Why we sum the output of different layers in a neural network?

I am reading a NN from here and I don't understand the forward pass complitely. Why at some point we are doing x = F.relu(x1) + F.relu(x2) + F.relu(x3)? It seems that the input of the linear layer lin1 is the sum(!!!) of the previous 3 layers. This seems quite strange to me, as I expect that a layer is fed only the output of the previous layer.

def forward(self, data):
    x, edge_index, batch = data.x, data.edge_index, data.batch
    edge_attr = None

    x = F.relu(self.conv1(x, edge_index, edge_attr))
    x, edge_index, edge_attr, batch = self.pool1(x, edge_index, edge_attr, batch)
    x1 = torch.cat([gmp(x, batch), gap(x, batch)], dim=1)

    x = F.relu(self.conv2(x, edge_index, edge_attr))
    x, edge_index, edge_attr, batch = self.pool2(x, edge_index, edge_attr, batch)
    x2 = torch.cat([gmp(x, batch), gap(x, batch)], dim=1)

    x = F.relu(self.conv3(x, edge_index, edge_attr))
    x3 = torch.cat([gmp(x, batch), gap(x, batch)], dim=1)

    x = F.relu(x1) + F.relu(x2) + F.relu(x3)

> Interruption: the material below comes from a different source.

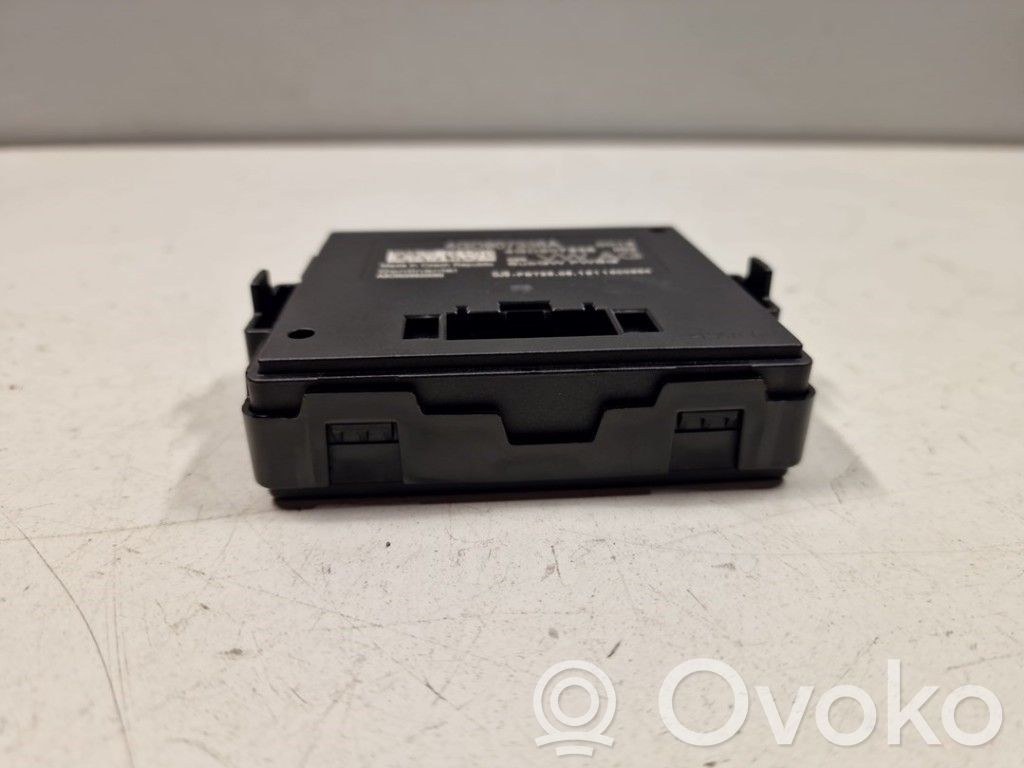 Autres unités de commande / modules   4GD907338A,4GD907338A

    x = F.relu(self.lin1(x))
    x = F.dropout(x, p=self.dropout_ratio, training=self.training)
    x = F.relu(self.lin2(x))
    x = F.dropout(x, p=self.dropout_ratio, training=self.training)
    x = F.log_softmax(self.lin3(x), dim=-1)

return x

Solution

The sum of the outputs from different layers is used to create a combined representation of the input data before passing it through subsequent layers. This technique is a way to enrich the model's understanding of the data by fusing information from multiple layers, which can be particularly useful in hierarchical or graph-based models where different layers may capture different structural or contextual information.